4.6 Interpretation
A plot of the standardized coefficients shows the relative importance of each variable. The distance the coefficients are from zero shows how much a change in a standard deviation of the regressor changes the mean of the predicted value. The CI shows the precision. The plot shows not only which variables are significant, but also which are important.
d_sc <- d %>% mutate_at(c("mpg", "disp", "hp", "drat", "wt", "qsec"), scale)

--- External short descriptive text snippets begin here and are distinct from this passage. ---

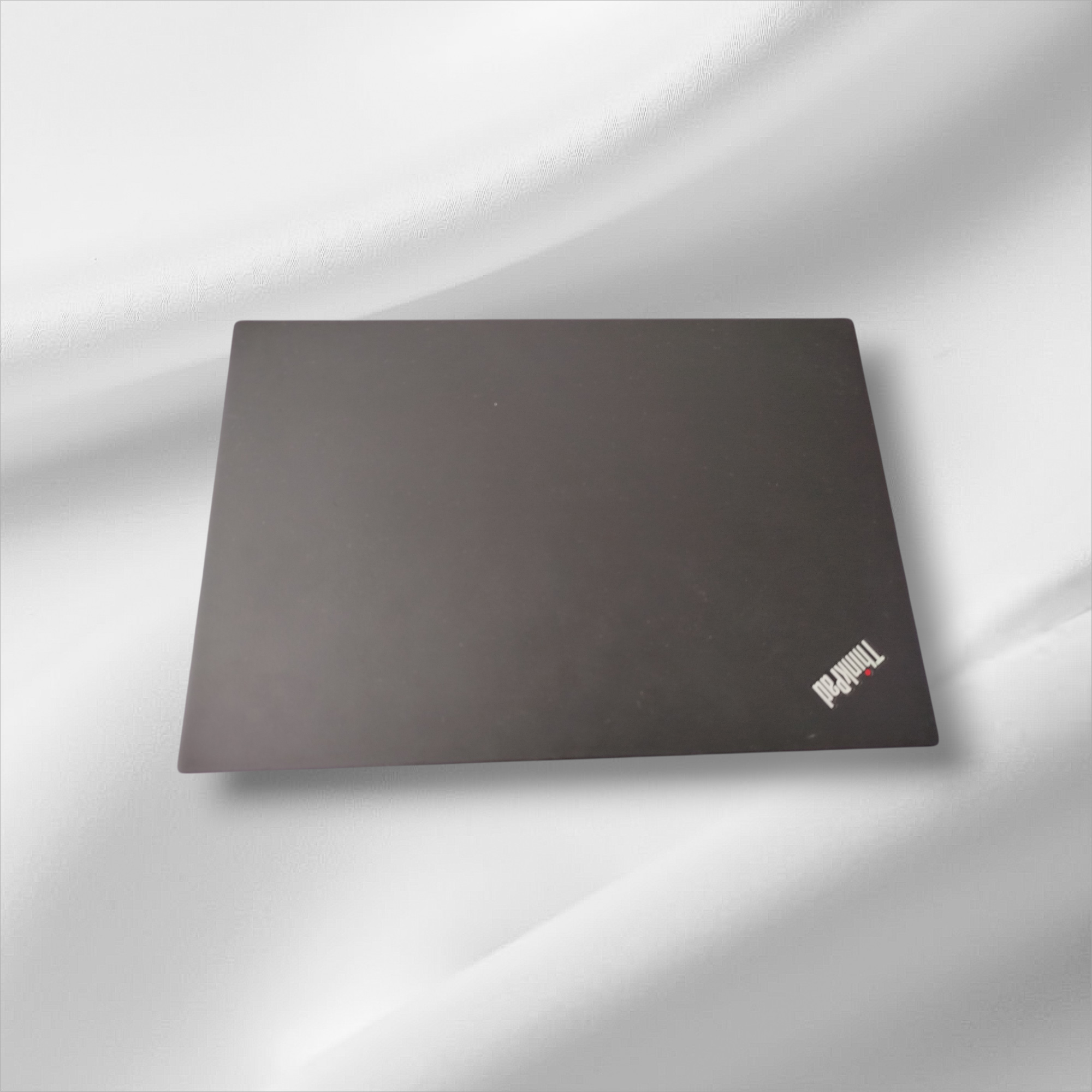 LENOVO T490 - Core i5 8th Gen - 1.6 GHz - 256 GB M2 SATA - 16 GB RAM - 14"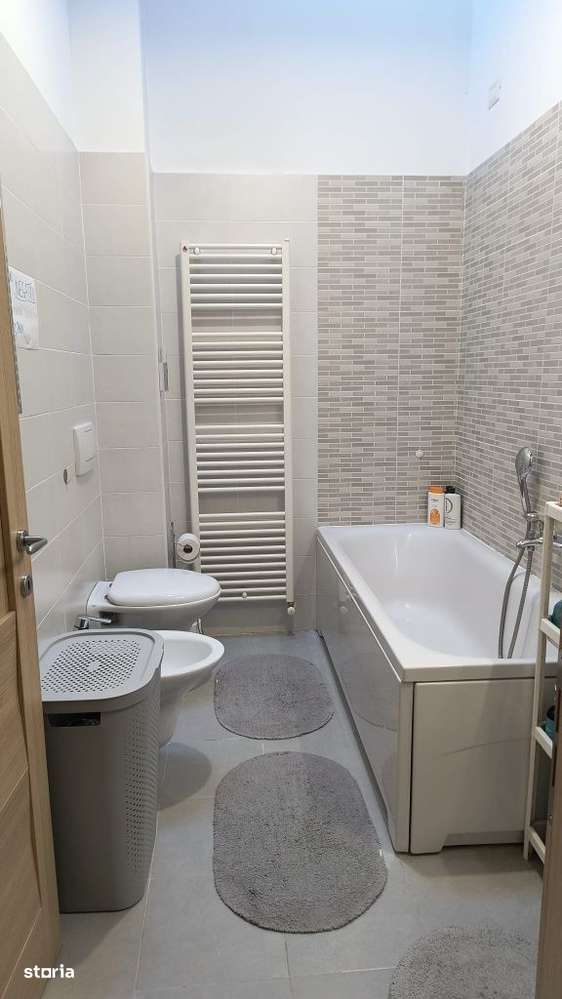 Apartament 3 camere, 2 bai, loc parcare, Dumbravita - Imagine principală: 4/8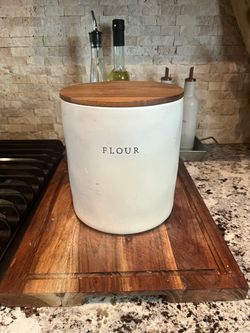 Jars/containers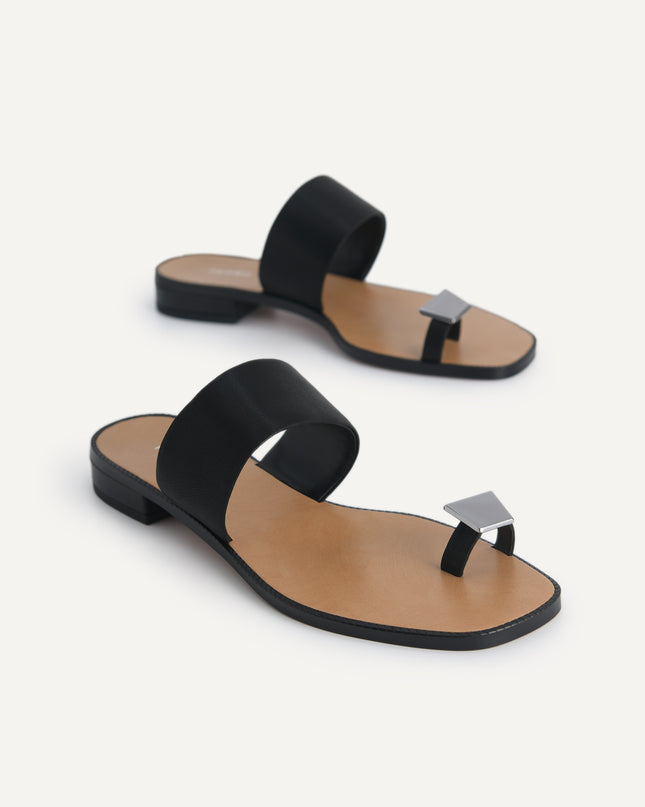 Gold Ornament Toe Loop Sandals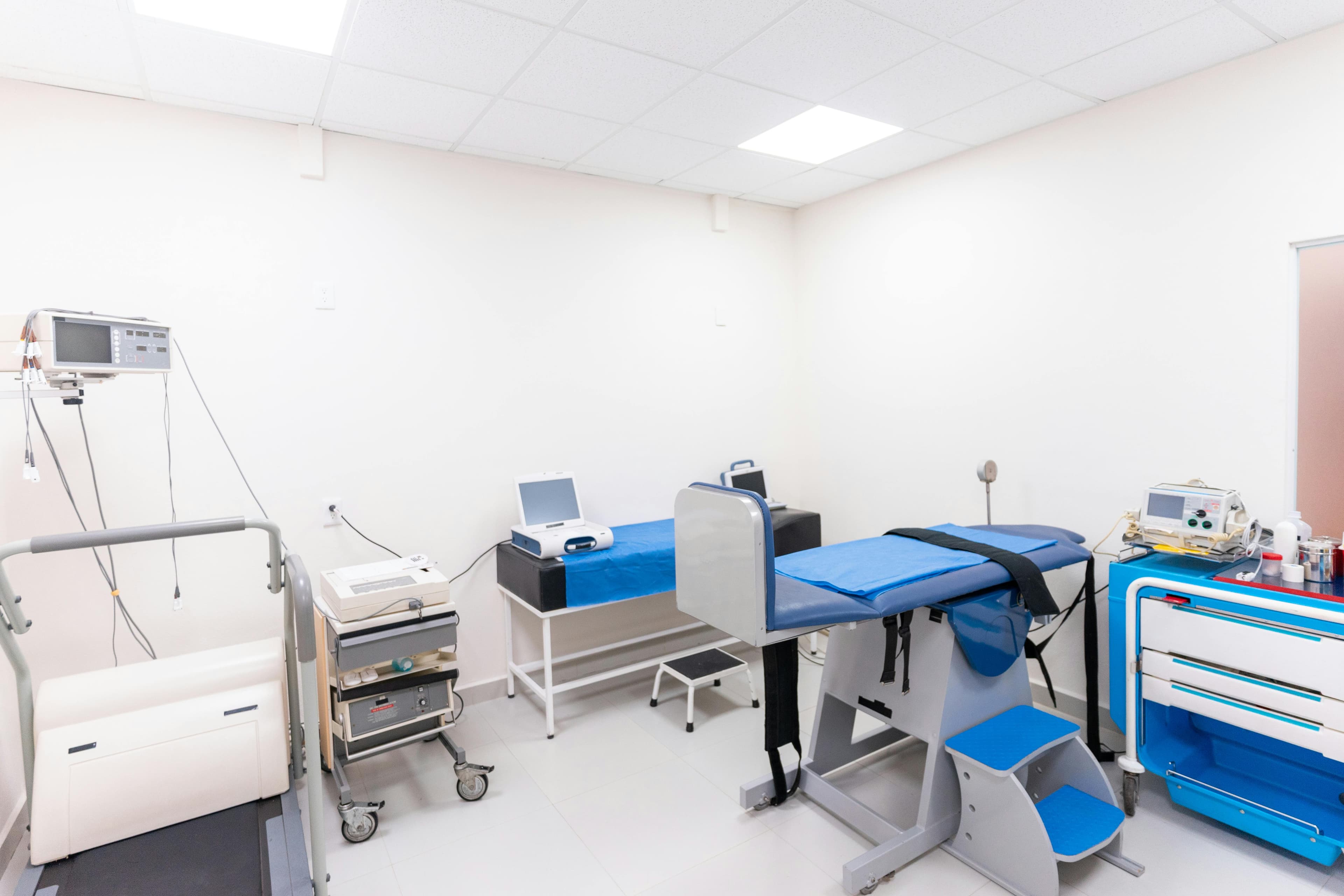 Cardiology and diagnostic examination suites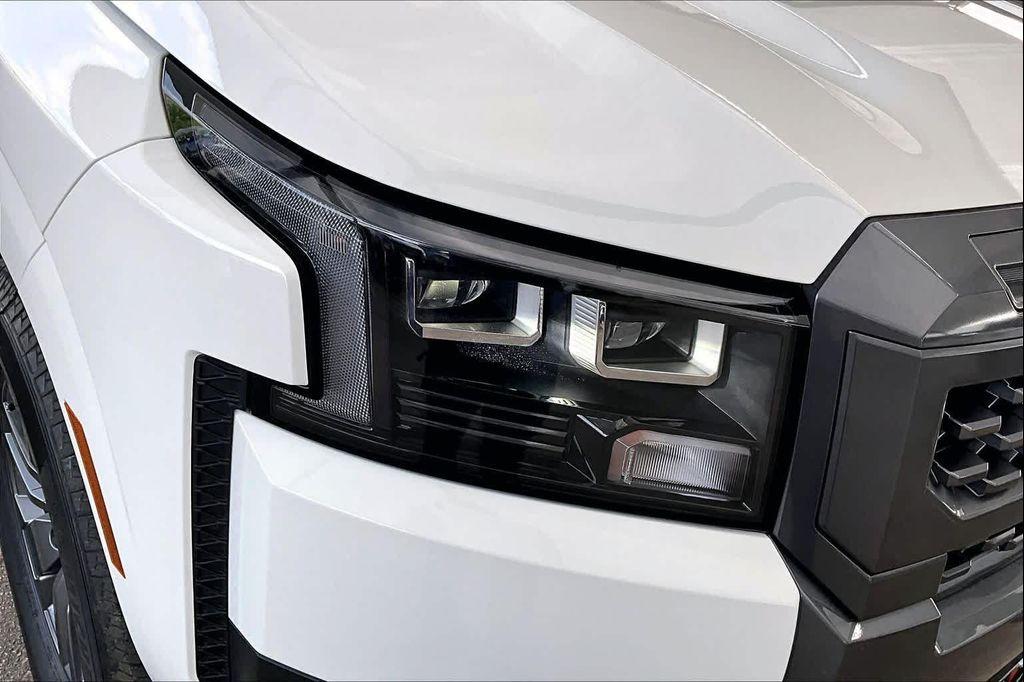 new 2026 Nissan Frontier car, priced at $37,110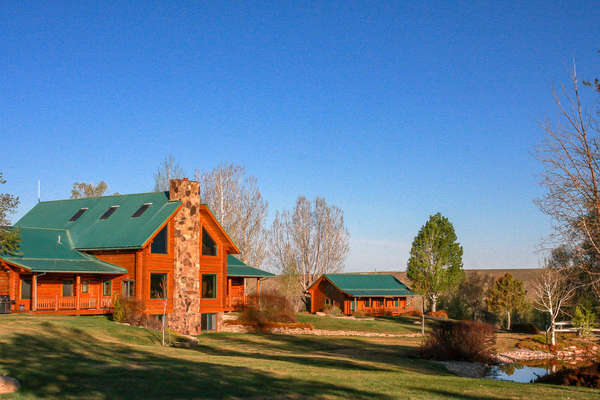Hideout lodge and cabins in Wyoming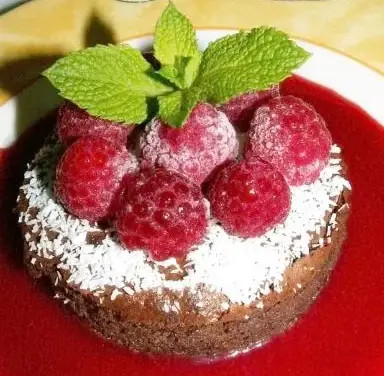 Gâteau moelleux au chocolat, framboises et cardamome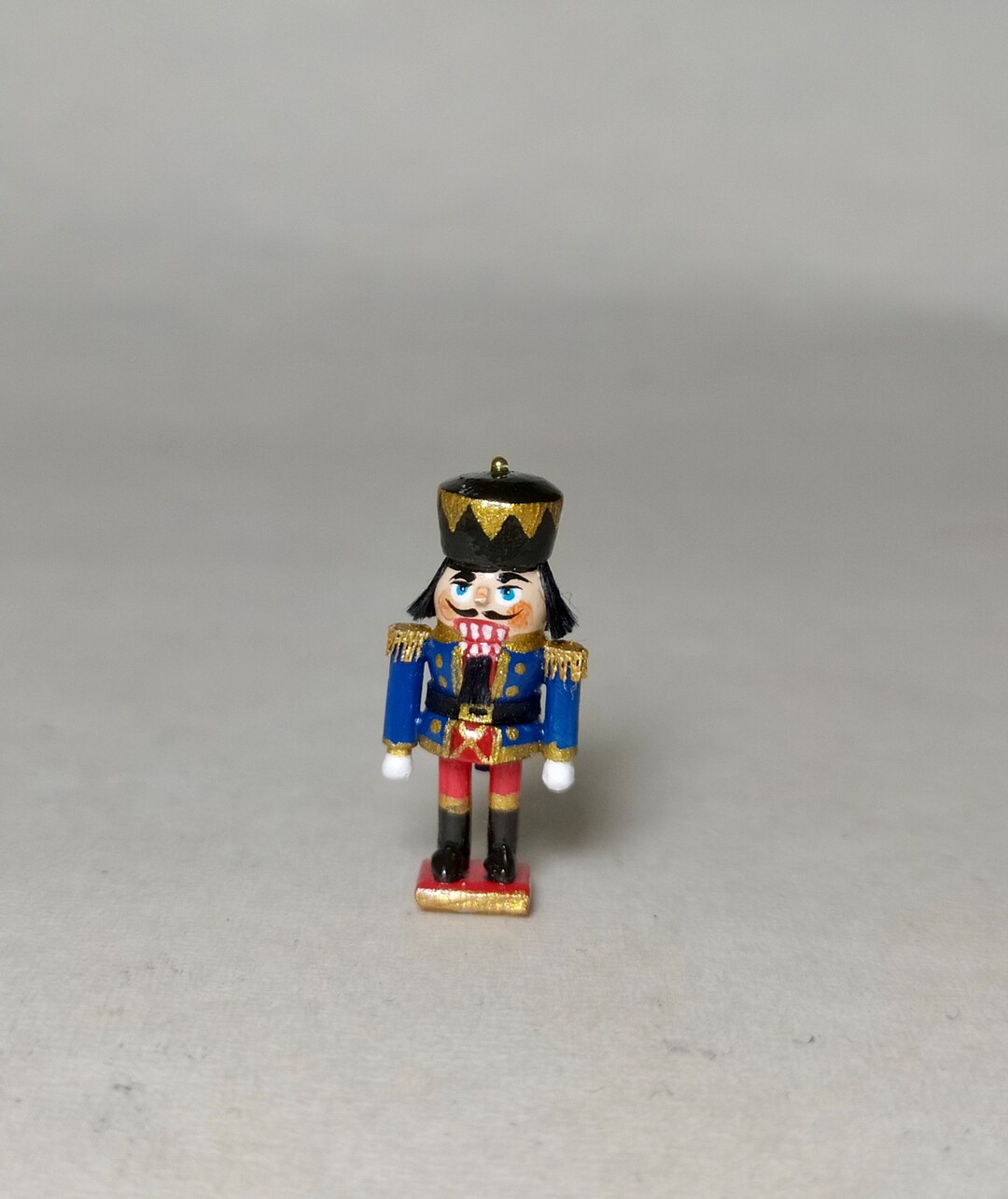 Miniatura Nutcracker .with Its Own Cardboard . Scale 112 .2530 Mm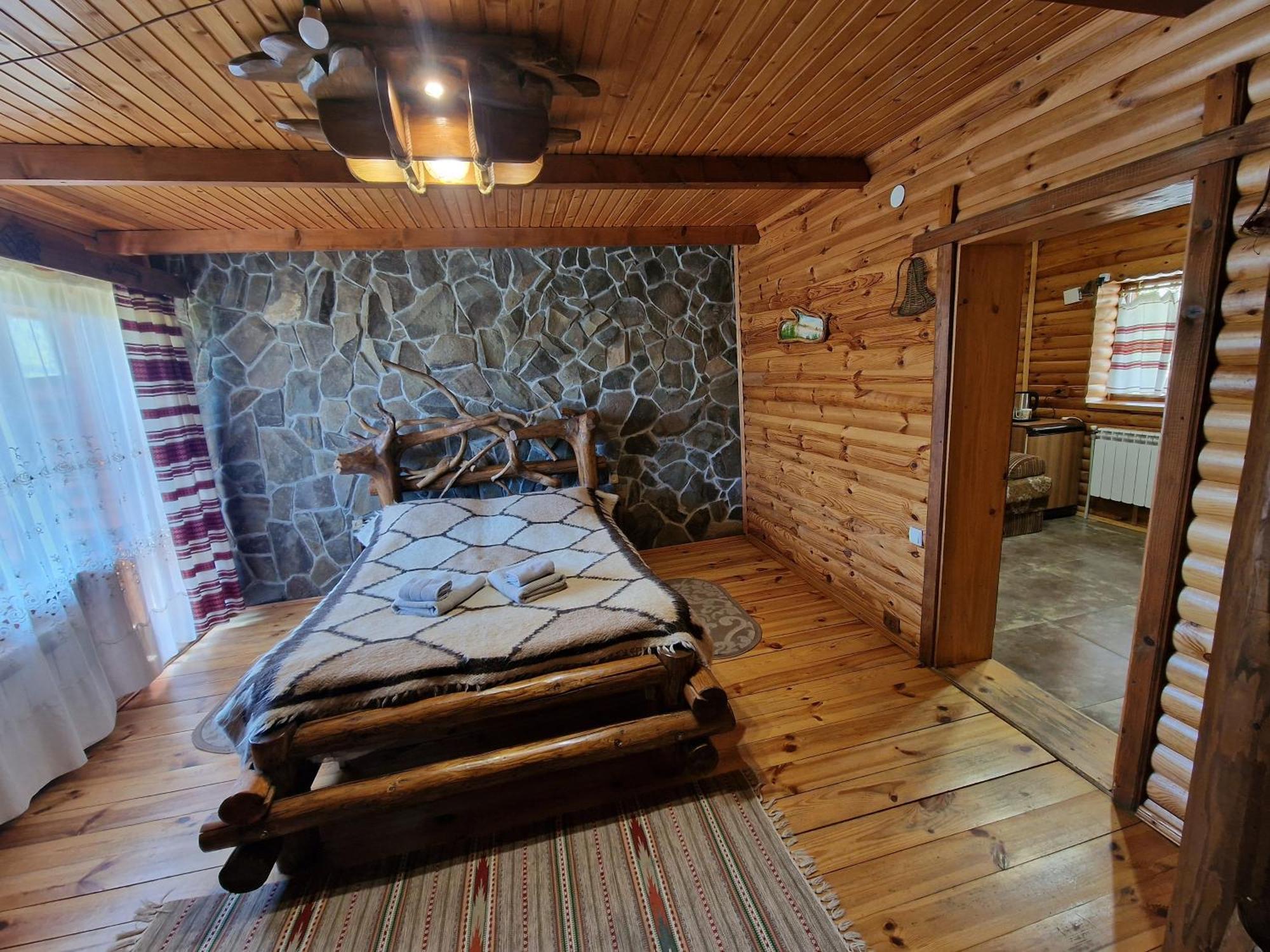 Гуцульська Хата Otel Yaremche Dış mekan fotoğraf
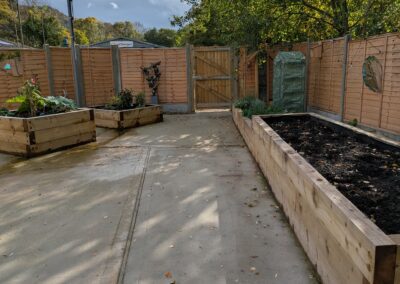 Level Centre garden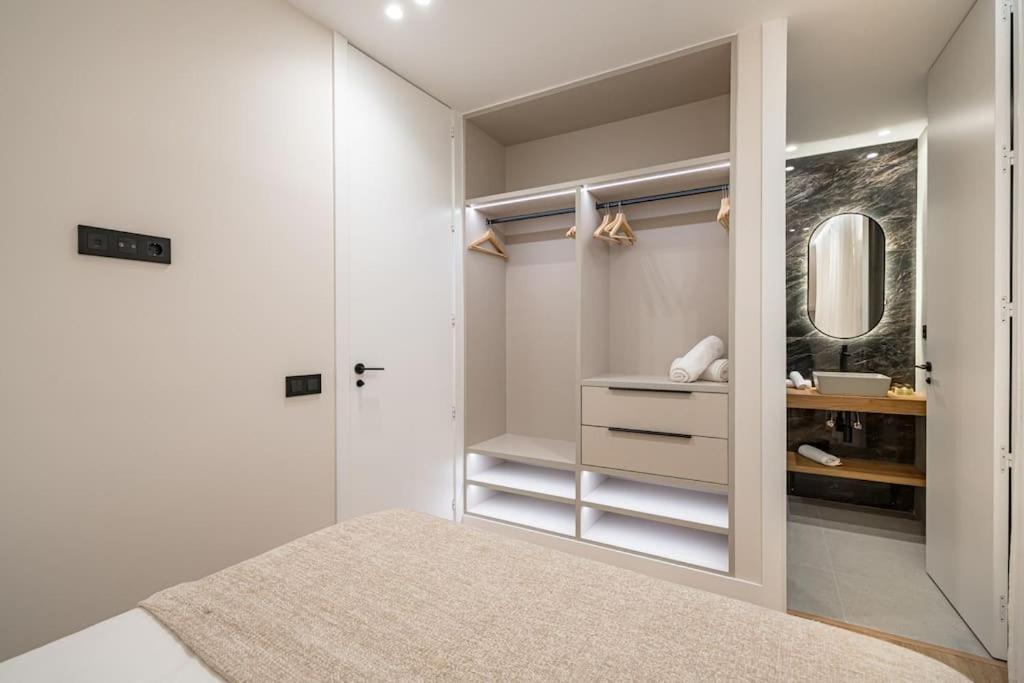 Apartamento Centro Xviii Calle Montera 4br 4bh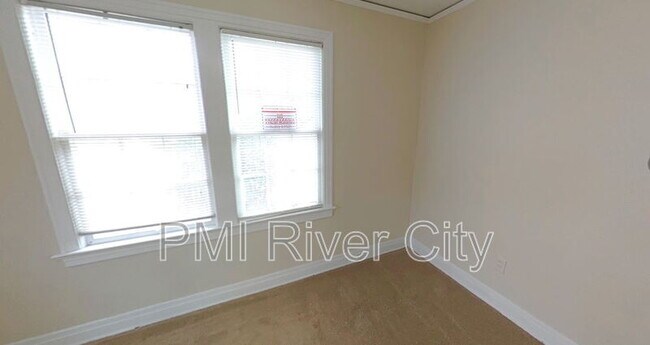 Building Photo - 8944 1st Ave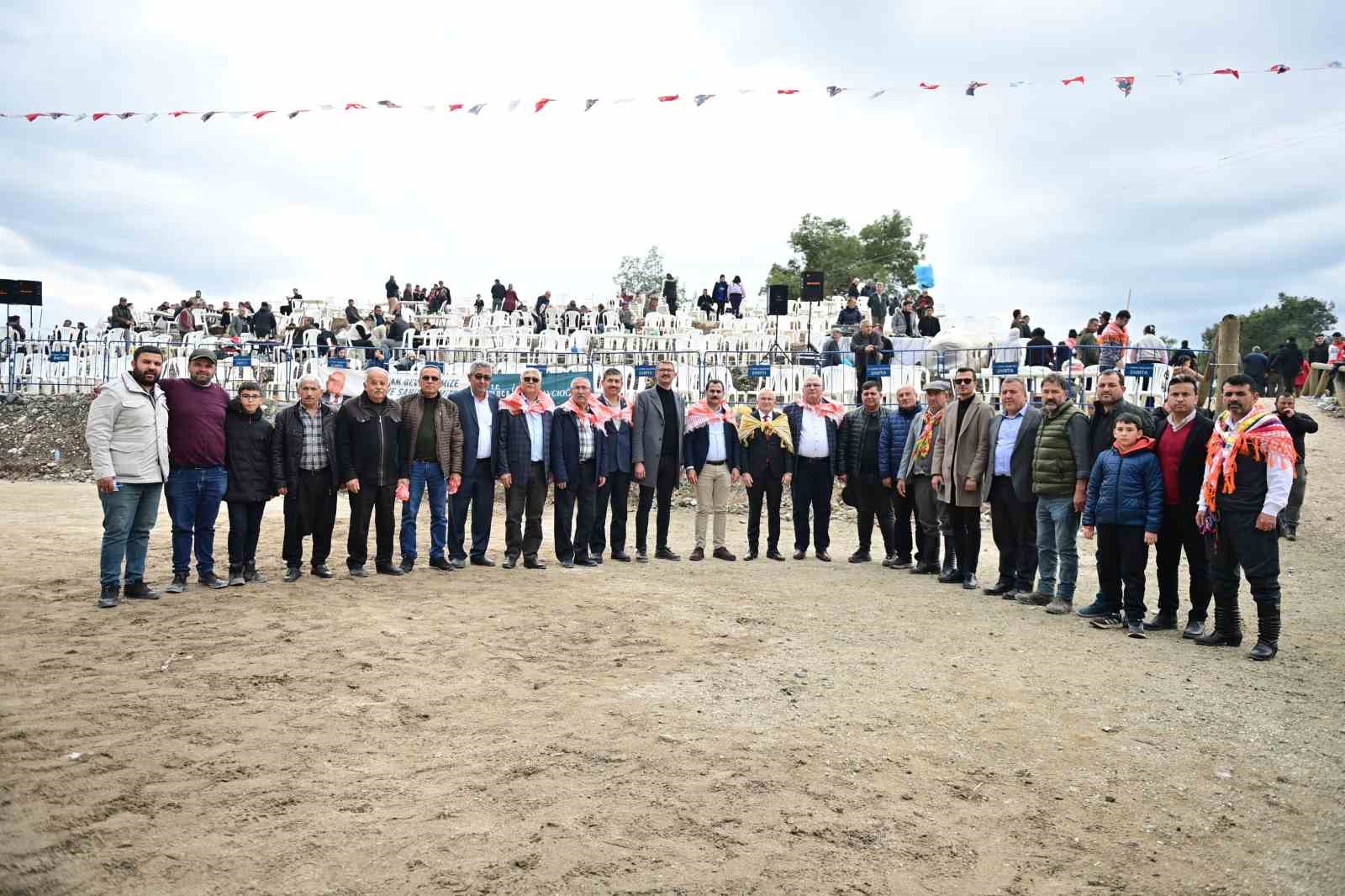 Kumluca’da Geleneksel Deve Gösterisi nefes kesti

m_sc <- lm(mpg ~ ., d_sc[,1:9])
lm_summary <- summary(m_sc)$coefficients
df <- data.frame(Features = rownames(lm_summary),
Estimate = lm_summary[,'Estimate'],
std_error = lm_summary[,'Std. Error'])
df$lower = df$Estimate - qt(.05/2, m_sc$df.residual) * df$std_error
df$upper = df$Estimate + qt(.05/2, m_sc$df.residual) * df$std_error
df <- df[df$Features != "(Intercept)",]
ggplot(df) +
geom_vline(xintercept = 0, linetype = 4) +
geom_point(aes(x = Estimate, y = Features)) +
geom_segment(aes(y = Features, yend = Features, x=lower, xend=upper),
arrow = arrow(angle=90, ends='both', length = unit(0.1, 'cm'))) +
scale_x_continuous("Standardized Weight") +
labs(title = "Model Feature Importance")
The added variable plot shows the bivariate relationship between \(Y\) and \(X_i\) after accounting for the other variables. For example, the partial regression plots of y ~ x1 + x2 + x3
would plot the residuals of y ~ x2 + x3
vs x1
, and so on.